* [Assignment]
Copy each line of the data below with the word "rails".

* [Records shown]
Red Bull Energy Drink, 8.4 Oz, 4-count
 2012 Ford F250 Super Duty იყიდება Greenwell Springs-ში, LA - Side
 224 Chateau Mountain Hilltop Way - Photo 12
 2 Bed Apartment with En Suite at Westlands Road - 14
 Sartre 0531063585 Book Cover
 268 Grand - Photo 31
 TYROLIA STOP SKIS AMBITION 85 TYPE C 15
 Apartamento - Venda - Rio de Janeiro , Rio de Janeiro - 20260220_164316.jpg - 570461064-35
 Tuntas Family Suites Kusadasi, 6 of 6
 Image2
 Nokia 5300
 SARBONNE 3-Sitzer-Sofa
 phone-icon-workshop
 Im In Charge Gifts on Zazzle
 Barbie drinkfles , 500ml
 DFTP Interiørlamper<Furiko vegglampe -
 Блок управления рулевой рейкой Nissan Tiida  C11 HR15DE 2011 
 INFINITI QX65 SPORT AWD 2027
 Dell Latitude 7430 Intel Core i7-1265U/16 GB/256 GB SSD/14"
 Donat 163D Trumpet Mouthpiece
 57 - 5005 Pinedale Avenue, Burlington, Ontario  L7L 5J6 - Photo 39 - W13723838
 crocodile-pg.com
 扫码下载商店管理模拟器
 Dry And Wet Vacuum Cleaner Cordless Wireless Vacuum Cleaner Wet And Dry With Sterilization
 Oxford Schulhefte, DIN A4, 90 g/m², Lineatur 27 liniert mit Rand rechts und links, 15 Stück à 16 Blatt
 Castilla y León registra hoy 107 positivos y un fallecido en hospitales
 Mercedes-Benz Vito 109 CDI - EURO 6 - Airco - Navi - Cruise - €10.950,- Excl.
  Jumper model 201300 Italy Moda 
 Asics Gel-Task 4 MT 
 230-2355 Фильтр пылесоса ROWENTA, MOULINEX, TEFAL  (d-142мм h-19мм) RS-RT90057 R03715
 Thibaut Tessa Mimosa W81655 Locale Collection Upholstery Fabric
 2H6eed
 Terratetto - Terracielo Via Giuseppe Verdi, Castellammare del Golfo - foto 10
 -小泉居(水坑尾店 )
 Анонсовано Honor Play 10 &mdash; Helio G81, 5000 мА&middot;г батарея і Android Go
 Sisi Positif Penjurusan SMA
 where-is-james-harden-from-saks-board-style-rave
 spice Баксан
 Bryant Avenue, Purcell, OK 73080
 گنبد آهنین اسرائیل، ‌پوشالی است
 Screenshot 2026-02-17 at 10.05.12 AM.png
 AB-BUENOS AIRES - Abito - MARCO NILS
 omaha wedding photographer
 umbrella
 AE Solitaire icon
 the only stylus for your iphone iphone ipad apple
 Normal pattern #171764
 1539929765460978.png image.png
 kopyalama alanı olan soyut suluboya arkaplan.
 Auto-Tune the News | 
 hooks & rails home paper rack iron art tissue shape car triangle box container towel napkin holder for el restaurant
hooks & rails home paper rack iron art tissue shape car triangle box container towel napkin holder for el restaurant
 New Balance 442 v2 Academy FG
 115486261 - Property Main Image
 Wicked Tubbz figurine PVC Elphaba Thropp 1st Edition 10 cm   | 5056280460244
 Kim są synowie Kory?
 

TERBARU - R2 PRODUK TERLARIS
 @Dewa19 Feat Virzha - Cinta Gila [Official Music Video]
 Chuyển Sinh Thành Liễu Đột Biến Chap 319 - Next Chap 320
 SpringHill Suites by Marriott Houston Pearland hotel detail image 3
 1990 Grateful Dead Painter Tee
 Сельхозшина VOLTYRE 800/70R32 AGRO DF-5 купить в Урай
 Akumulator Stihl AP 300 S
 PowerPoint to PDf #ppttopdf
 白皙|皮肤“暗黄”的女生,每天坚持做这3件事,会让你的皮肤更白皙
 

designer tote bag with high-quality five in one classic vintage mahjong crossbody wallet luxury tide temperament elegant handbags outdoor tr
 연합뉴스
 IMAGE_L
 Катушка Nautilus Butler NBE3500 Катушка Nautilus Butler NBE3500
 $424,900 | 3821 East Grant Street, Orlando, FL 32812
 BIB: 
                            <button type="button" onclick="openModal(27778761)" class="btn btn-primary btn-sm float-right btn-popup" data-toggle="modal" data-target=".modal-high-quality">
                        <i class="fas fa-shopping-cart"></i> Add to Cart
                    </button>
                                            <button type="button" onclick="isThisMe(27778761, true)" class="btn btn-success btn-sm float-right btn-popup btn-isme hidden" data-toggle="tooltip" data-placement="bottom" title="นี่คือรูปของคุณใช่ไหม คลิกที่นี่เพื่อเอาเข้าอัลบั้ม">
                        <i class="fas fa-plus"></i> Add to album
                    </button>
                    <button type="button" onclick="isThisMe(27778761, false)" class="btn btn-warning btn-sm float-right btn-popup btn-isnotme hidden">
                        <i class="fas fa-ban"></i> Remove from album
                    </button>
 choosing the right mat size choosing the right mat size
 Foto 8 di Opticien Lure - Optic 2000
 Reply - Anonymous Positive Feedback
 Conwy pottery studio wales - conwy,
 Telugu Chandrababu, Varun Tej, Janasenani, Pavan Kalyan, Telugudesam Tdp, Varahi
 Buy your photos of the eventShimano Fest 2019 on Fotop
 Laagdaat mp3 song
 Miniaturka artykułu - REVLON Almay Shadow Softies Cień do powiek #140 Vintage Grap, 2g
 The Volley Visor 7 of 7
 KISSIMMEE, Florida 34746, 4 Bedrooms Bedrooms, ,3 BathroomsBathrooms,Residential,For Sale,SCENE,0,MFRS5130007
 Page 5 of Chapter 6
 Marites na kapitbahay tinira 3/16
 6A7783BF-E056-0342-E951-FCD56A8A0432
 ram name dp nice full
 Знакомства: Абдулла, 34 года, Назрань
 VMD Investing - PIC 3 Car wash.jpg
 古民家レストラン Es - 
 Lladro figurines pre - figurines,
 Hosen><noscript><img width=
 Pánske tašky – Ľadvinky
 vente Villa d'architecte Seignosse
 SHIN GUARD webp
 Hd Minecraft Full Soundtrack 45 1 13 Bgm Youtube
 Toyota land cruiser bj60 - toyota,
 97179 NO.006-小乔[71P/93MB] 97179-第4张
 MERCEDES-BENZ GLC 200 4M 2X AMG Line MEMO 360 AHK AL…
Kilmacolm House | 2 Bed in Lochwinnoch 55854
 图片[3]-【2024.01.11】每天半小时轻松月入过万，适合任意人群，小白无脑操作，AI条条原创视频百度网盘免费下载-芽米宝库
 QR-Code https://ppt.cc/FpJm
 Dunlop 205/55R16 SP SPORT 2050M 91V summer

* [Exercise solution]
 hooks & rails home paper rack iron art tissue shape car triangle box container towel napkin holder for el restaurant
hooks & rails home paper rack iron art tissue shape car triangle box container towel napkin holder for el restaurant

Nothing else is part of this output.